Amanda-Users

Re: invalid compressed data--crc error and other corruption on disk files

2005-02-18 11:36:49
Subject: Re: invalid compressed data--crc error and other corruption on disk files
From: Eric Siegerman <erics AT telepres DOT com>
To: amanda mailing list <amanda-users AT amanda DOT org>
Date: Fri, 18 Feb 2005 11:30:04 -0500
On Fri, Feb 18, 2005 at 11:36:46AM +0000, Thomas Charles Robinson wrote:
> [an excellently clear, concise, and complete [1] problem report
> -- thank you! -- which included the following:]
>
> gzip: stdin: invalid compressed data--crc error

All of tar's varied complaints appear to stem from corrupt input,
which in turn is adequately explained by this message.

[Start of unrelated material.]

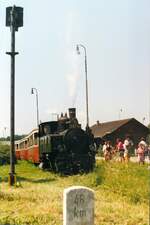 CSD U47 001 (B'B n4vt, ex SDZ 391, Hersteller Henschel, Baujahr 1906, Fabriknummer 7930) am 03.Juli 1993 im Bahnhof Obrataň.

Thus, either gzip or hardware looks like the culprit.  RAM is a
good place to look, especially considering that the data being
backed up all resides on the Amanda server; you're giving that
box quite a workout.  The disk and its bus (SCSI, IDE, etc.) are
possibilities too, but less likely IMO -- I'd expect the kernel
to detect and report the I/O errors in that case.

Not to completely rule out problems with Amanda itself -- I've
learned never to rule *anything* out where computers are
concerned (or humans for that matter :-/) -- but it seems
unlikely.

As for gtar, 1.13.25 is well regarded on this list.  'Nuff said,
until its input is known to be good.  (After all, even if,
hypothetically, tar were producing complete junk, gzip should be
able to compress and decompress that junk without reporting CRC
errors :-)

> gzip-1.3.3-9

... is a beta.  It might be worthwhile to try the latest released
version, 1.2.4.  From the web page, it looks as though that
version can't handle files over 2 GB, so you'll have to split up
any larger DLEs.  Or just disable them for the duration of the
test -- no loss; it's not as if you have usable backups of them
now :-( 

Another useful test would be to temporarily disable software
compression completely.  That should fairly quickly tell you
whether the corruption is occurring during gzipping (whether gzip
itself or hardware is the ultimate source of the problem).

> Lastly, I am currently using an nfs share for the holding disk but this
> was NOT being used previously and I was still getting the corruption
> mentioned.

Hmm, did you ever run with local holding disk, while explicitly
testing holding-disk files as you're doing now?  I.e. was there
ever a point where neither NFS nor the tape drive was in the
loop?  I'm wondering about the possibility that two independent
sources of data corruption -- NFS and the tape subsystem -- might
be confounding your attempts to isolate "the" problem.

--

|  | /\
|-_|/  >   Eric Siegerman, Toronto, Ont.        erics AT telepres DOT com
|  |  /
The animal that coils in a circle is the serpent; that's why so
many cults and myths of the serpent exist, because it's hard to
represent the return of the sun by the coiling of a hippopotamus.
        - Umberto Eco, "Foucault's Pendulum"